• [PROBLEM TO SOLVE] Restate word for word each line from the one containing "Boucles d'oreilles en" through the end of the material, and nothing more. Drop every picture.

------------------------------------

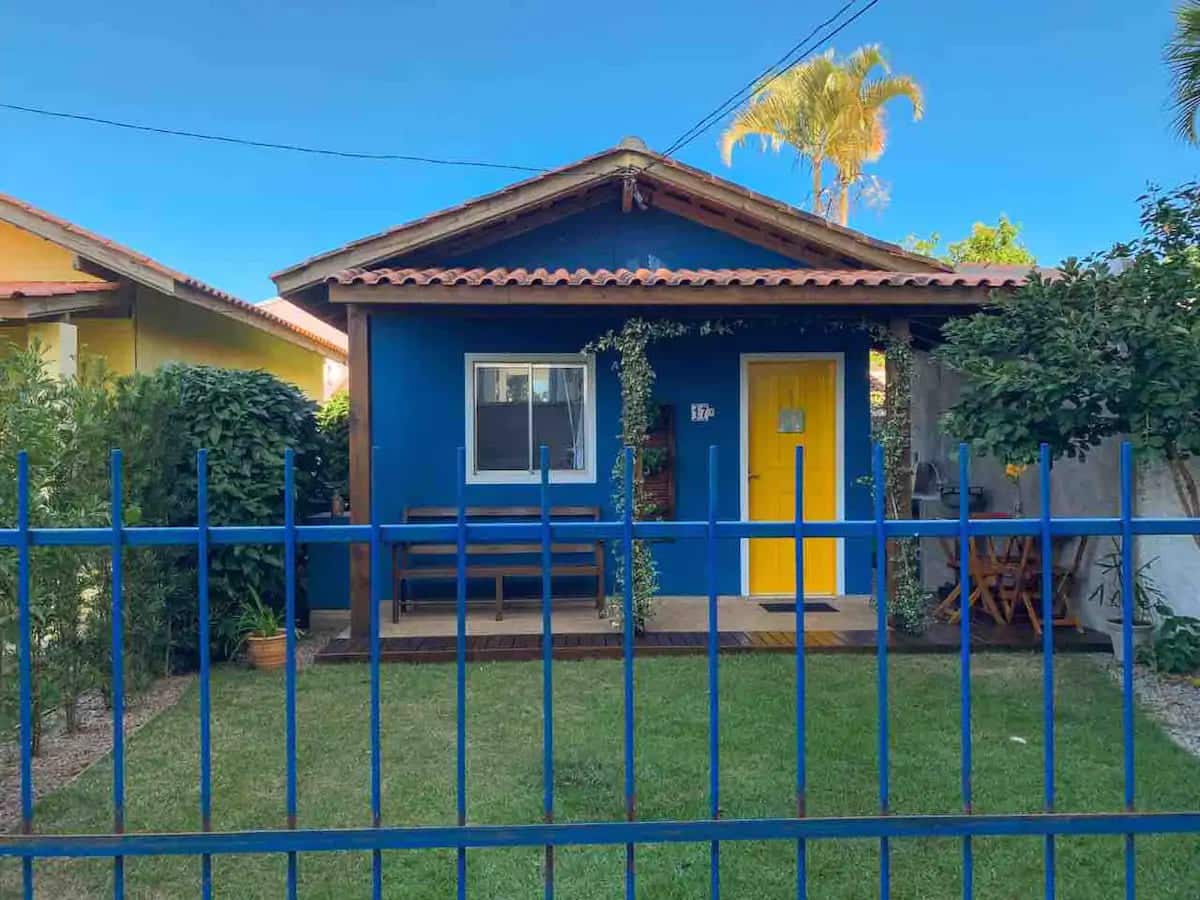 Airbnb em Florianópolis - 10 casas para relaxar perto da natureza 1 Airbnb em Florianópolis - Aluguel de Temporada em Praia do Campeche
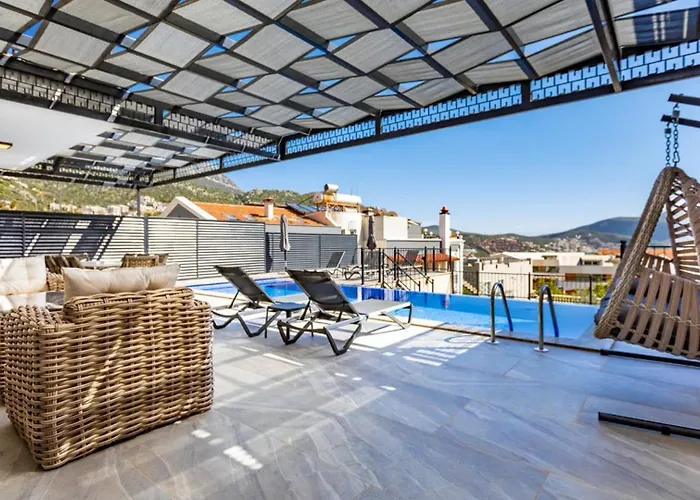 Villa 5 Bedroom Short Walk To The Oldtown *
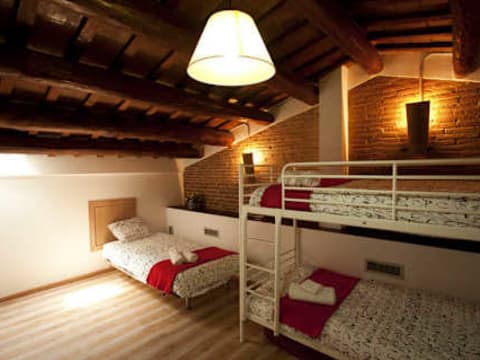 Coroleuhouse-BCN — social hostel in Barcelona, Spain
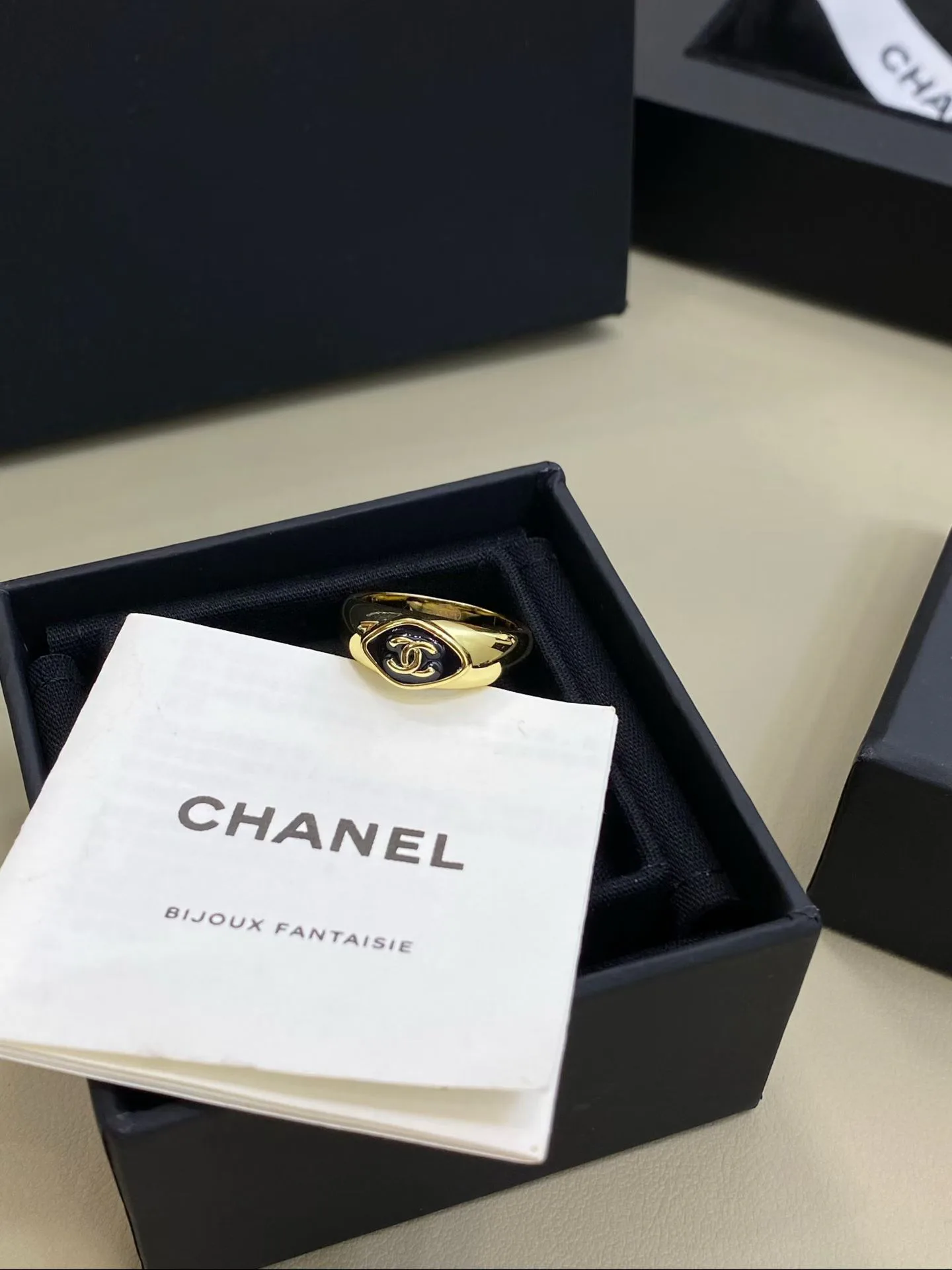 Бижутерия Chanel 18123084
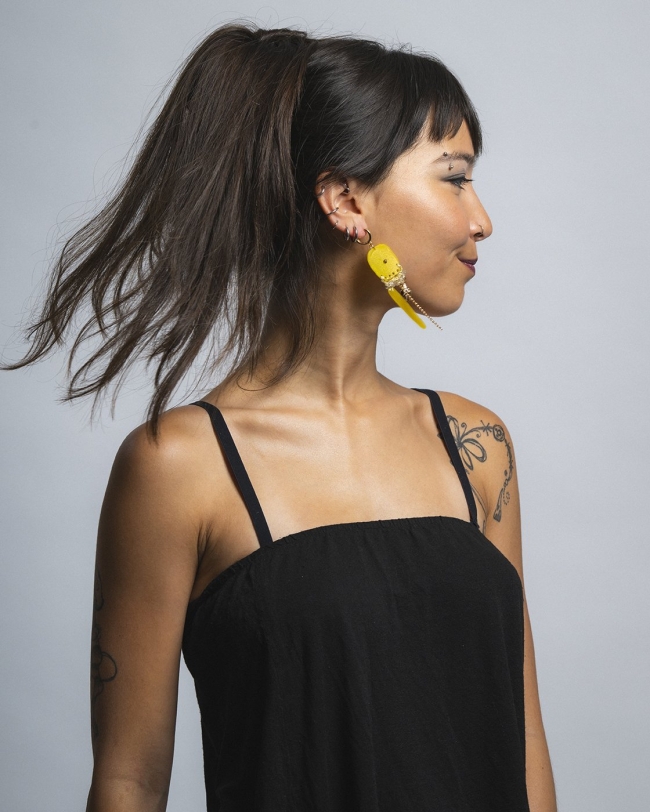 Boucles d'oreilles en résine, crochet, coquillage Lucia y el sexo (Nouveau)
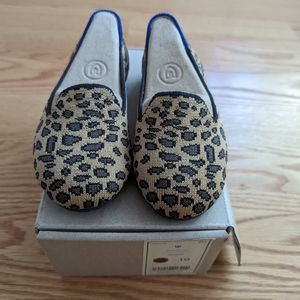 NWT Rothys girl animal print size 10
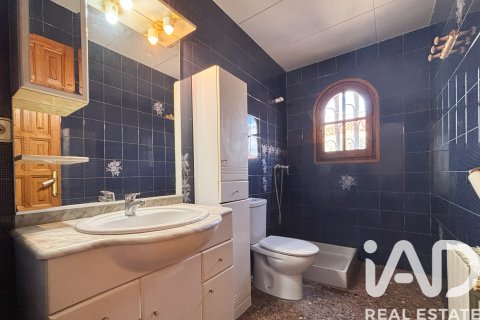 House à vendre à Roda de Berà, Tarragona, Espagne, 7 chambres, 235 m2 No. 152261 - photo 30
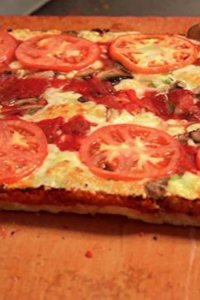 Bizarre Foods: Delicious Destinations – S04E19 – Detroit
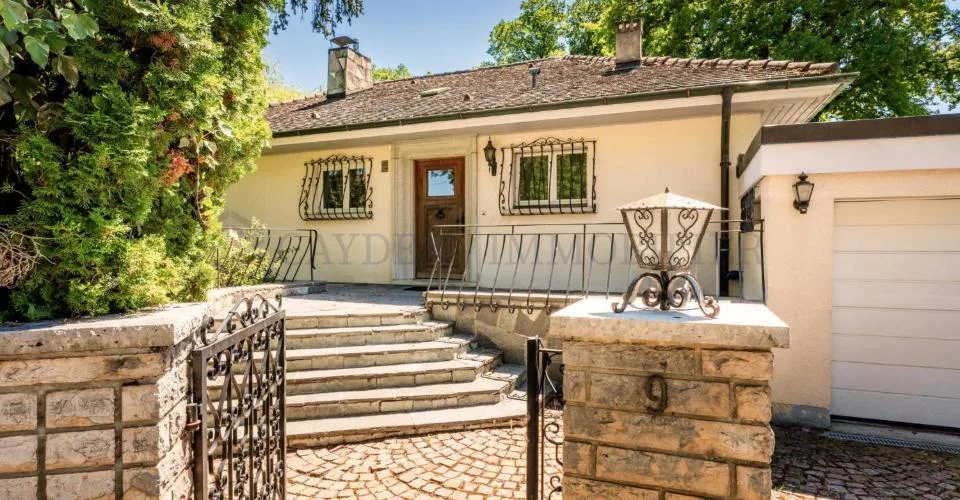 Prächtige Einzelvilla mit großem Garten – Foto 2 von 13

------------------------------------

• [REPLY TO THE EXERCISE]
 Boucles d'oreilles en résine, crochet, coquillage Lucia y el sexo (Nouveau)
 NWT Rothys girl animal print size 10
 House à vendre à Roda de Berà, Tarragona, Espagne, 7 chambres, 235 m2 No. 152261 - photo 30
 Bizarre Foods: Delicious Destinations – S04E19 – Detroit
 Prächtige Einzelvilla mit großem Garten – Foto 2 von 13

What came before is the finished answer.